Ainslie concentrated every fibre on the small silhouette. ‘The bearing is
that.
The range is – damn!’ He stood back. ‘Down periscope.’ He looked at Quinton. ‘The range is less than four thousand yards. But there’s another vessel astern of her. On tow. I think. Landing craft most likely.’

‘Tubes one to four ready, sir.’

‘Up periscope.’

Again the quick search of sea and sky, then round to the target. She was sharper now. More real. So she was not altering course, but swinging to the pull of her unwieldy tow.

‘Bow doors open.’

That was Ridgway. Wrestling with his own particular problem.
Soufrière
was years ahead of her time, like some of the most recent U-boats. She could fire a fanlike salvo at her target even though she was turning away. In
Tigress
you had to point the hull at the enemy like a weapon so that you were still heading into danger even as you fired.

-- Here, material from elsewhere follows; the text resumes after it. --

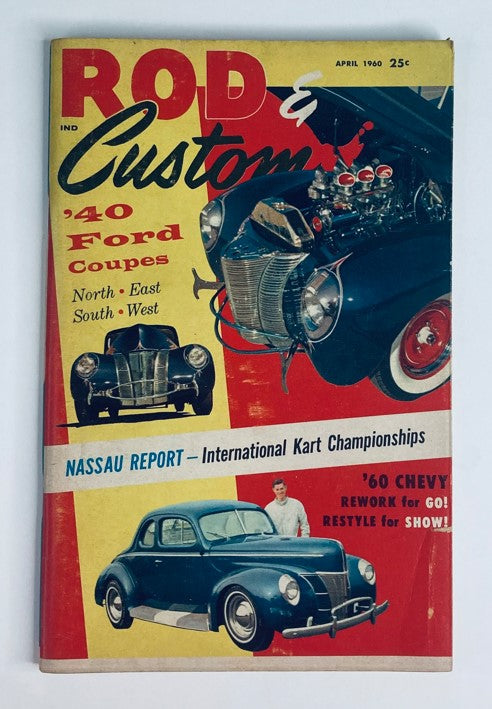 Vintage Rod & Custom Magazine April 1960 featuring '40 Ford Coupes and coverage of the International Kart Championships.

Back to the chart table again even before the periscope was down in its well.

Forster’s dividers rested on the coastline. ‘There’s an anchorage here, sir. To the south of Pattani. Could be heading for it.’

Ainslie stared at the chart. If the Japs were that confident and were able to approach the coast without a heavier escort or air support, their advance must be going well. Too well.